Old-school is real. I can say that much. But the questions old-school types ask is usually based not on price or speed, but on CYA and security.
For CYA, once you upload something then everyone has it and they can criticize it. If there is a mistake somewhere it is visible to everyone forever.
For security, the issue is that fear:"what if this gets into the wrong hands?" "What if it gets into the "right" hands, but at the wrong time?" Consider jobs for clients like government: "What if the media gets hold of this?"
Also, don't underestimate the tendency of people like me to look at all that work in its native file formats like word and AutoCAD and say: "hell if I will put this out there!"
Reading this I know it sounds un-progressive. Fearful, even paranoid. I am being honest. This stuff is people's life's work, their reputation, their self-esteem...and so on and so on. So these are the things people think when collaborative web-based tools come up.
The reason I put this here is just to point out that your PR task would seem to me to be reassuring the bosses that it is "safe." Look at legislation and IP precedent. Tell us exactly what protects us.
Nice job, Woobiusers. Especially on the pricing. Good luck.
I think part of the way forward on this is to realise that you don't actually have that control, even today.
We touched on this in our Be2Camp North presentation: http://www.ustream.tv/recorded/1509410 (it's about 20 minutes long - there are a bunch of other presentations in the same stream, after ours).
When you send a file to someone, anyone, you are trusting that person with your file. They can send it on to anyone else they want. They can burn it to a CD. They can print it out and leave it lying around. They can show it to someone at the wrong time. Etc. When people need to send a file to someone, they will - no matter what barriers you put in their way. If you put barriers, they will always go around them some way, either by burning a CD, sending an email, or printing it out.
The more disorganised your modes of communications, the more likely that is to happen by mistake rather than intentionally. And the more disorganised and ad-hoc your communications the least visibility you have over all this.
To your colleagues, I would say, perhaps bluntly, that the control they feel they have is an illusion. There is no control, once you send a file to someone else - there is only trust. The nearest thing to control you might have is visibility - to be able to at least see who downloaded what when. And that, you can get through the Woobius audit log.

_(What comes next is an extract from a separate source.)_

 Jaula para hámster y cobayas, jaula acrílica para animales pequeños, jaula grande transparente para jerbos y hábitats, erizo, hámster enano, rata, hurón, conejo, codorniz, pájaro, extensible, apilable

You can develop an Access Management system (or integrate with a COTS).
You can watermark the files with timestamp and username. Thus allowing you to track who let the documents go into the wild.
Based on Meta data, you can restrict access to different files and restrict the client's ability to display those documents.
None of those tasks are trivial and all of them can be worked around.
You aren't building a military grade secure system, so, perhaps what you are doing is good enough.
I'd start with Access Management and add visibility controls on documents.
How about a mobile client with a limited browsing capability for AutoCAD? That way, the customer is never giving away the direct access to the file, and can even restrict users to see only parts of the design.
This is a great point. Personal comfort is a huge part of social processes and interactions. The internet has particular obstacles to overcome in this area.